Bernie Ecclestone, friend of Vladimir

However significant the contributions of Tim and Tess, neither rivals Bernie Ecclestone as our most scandalously underrated political commentator. As he awaits his bribery trial in Germany, the Great Dictator of Formula One considers the Russian legislation banning the publicisation of “homosexual behaviour”. By uncanny coincidence, with the inaugural Russian Grand Prix scheduled for October in Sochi, he is in full accord with Vladimir Putin about this, and believes that 90 per cent of the global population is, too.

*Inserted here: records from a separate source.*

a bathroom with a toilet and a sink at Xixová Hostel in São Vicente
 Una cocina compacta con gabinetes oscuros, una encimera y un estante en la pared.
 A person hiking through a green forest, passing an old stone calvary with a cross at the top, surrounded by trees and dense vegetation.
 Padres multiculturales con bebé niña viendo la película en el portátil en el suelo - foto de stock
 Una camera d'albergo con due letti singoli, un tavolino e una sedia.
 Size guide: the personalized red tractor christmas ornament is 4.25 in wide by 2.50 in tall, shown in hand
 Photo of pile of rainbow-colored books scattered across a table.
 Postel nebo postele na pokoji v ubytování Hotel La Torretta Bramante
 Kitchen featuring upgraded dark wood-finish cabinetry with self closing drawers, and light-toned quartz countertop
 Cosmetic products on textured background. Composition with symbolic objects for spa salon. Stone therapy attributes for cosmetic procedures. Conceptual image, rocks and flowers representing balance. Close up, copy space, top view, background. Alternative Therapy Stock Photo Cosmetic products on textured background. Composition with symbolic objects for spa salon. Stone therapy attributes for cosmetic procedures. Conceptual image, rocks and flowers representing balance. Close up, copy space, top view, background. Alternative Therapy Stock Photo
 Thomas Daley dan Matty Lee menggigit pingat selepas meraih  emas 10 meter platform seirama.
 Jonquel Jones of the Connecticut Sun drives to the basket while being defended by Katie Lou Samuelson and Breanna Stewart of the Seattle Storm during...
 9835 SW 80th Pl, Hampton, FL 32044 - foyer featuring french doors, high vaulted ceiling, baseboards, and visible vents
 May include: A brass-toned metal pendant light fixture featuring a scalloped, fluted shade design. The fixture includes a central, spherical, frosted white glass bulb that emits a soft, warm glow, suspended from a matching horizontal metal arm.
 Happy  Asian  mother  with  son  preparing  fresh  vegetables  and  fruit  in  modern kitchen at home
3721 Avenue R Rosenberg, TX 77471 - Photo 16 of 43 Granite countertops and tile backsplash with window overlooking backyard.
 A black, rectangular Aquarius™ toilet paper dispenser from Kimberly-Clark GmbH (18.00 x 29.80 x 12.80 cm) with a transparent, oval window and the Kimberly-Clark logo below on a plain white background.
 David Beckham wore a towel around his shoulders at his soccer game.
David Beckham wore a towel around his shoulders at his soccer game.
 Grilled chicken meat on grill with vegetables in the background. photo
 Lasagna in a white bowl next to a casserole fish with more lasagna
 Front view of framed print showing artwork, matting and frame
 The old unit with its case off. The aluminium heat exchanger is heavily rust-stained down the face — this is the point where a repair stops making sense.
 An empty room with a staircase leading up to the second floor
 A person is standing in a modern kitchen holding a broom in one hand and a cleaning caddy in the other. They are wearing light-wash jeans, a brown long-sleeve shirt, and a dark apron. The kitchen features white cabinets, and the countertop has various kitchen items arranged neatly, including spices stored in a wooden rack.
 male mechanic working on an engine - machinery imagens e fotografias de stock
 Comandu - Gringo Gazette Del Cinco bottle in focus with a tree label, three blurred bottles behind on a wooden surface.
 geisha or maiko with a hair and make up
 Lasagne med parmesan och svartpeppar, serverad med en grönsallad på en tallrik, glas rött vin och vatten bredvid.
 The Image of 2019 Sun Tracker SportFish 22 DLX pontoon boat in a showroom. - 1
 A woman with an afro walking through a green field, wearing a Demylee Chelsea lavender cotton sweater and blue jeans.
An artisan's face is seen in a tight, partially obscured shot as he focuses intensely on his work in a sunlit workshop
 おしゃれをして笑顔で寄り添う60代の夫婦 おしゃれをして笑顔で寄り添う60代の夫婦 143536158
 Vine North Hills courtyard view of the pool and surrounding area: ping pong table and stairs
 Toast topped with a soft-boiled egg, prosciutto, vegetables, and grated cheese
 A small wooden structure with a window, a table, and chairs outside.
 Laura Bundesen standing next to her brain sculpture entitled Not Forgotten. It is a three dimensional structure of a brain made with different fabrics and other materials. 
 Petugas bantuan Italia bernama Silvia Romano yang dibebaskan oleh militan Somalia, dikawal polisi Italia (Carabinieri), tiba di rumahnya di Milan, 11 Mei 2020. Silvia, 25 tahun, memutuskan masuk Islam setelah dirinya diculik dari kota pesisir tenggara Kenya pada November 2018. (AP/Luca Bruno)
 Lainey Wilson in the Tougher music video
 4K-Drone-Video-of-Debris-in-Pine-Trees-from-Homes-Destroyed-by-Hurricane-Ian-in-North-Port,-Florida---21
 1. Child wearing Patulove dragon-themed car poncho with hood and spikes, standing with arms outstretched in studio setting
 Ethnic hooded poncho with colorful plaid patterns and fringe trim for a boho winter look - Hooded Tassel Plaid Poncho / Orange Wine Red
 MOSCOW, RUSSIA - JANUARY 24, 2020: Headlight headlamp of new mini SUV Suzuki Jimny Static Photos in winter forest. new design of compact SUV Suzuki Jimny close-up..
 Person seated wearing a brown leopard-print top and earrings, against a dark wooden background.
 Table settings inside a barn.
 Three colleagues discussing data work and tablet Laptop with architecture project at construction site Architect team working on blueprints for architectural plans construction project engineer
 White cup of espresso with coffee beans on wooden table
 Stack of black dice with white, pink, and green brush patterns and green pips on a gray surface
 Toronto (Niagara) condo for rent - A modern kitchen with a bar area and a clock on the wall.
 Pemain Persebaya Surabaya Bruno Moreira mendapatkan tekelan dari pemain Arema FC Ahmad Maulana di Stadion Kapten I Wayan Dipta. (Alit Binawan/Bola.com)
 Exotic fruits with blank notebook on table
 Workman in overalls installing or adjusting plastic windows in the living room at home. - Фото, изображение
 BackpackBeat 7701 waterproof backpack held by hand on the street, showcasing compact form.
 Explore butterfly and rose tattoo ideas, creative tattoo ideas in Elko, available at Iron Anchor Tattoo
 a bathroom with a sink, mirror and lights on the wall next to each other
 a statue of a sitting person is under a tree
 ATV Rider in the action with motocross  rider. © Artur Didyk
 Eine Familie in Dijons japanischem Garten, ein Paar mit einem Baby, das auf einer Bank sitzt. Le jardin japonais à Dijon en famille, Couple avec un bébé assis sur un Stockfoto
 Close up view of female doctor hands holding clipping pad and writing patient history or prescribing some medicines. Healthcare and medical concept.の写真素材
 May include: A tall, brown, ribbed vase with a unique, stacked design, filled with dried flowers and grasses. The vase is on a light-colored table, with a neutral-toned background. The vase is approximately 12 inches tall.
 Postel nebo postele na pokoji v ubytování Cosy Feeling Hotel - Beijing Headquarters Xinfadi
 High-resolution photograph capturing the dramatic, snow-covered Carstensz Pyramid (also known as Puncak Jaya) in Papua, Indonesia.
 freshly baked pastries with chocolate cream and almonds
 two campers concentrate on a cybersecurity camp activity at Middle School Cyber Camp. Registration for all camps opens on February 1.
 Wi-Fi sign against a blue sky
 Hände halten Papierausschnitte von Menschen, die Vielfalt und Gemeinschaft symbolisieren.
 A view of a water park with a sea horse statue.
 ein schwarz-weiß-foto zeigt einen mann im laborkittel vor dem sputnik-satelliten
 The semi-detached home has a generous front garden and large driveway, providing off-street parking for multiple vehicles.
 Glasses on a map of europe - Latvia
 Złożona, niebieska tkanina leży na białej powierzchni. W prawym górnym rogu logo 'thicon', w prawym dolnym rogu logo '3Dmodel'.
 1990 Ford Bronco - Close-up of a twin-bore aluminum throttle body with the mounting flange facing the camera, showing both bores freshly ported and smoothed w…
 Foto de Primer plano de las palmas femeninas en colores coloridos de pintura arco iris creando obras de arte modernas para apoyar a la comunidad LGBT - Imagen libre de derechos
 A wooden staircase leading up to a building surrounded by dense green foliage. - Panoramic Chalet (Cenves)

One of so many things to love about the wizened old sparrow is his resilience. Less robust intellectuals would have been cowed by the response to his thoughts of 2009, when he analysed Hitler as an otherwise effective leader duped by underlings about the Holocaust, and expressed disdain for the concept of democracy itself. But Little Bern is indestructible, as we pray he will confirm when he stands trial in the Führer’s Bavarian stronghold of Munich in the spring.

You can take a man out of the Valleys...

Depressing news from the BBC, which wastes no time in ending the rising tension about its 2015 general-election coverage. A nation that had expected Huw Edwards finally to take the prize which has for so long been his due is dismayed to learn that David Dimbleby will be retained as front man for one last hurrah. It is small consolation that the newsreader likened by Jeremy Paxman to “an evangelist preacher on a wet Sunday morning in Merthyr Tydfil” will take over the following morning.

Huw is the most effective anchorman of the age – the telly vessel he could not drag down has yet to be built – and if this denial of his talent isn’t the worst example of Welshism since Mr Blair referred furiously to the “f*****g Welsh”, then I’d like to know what is.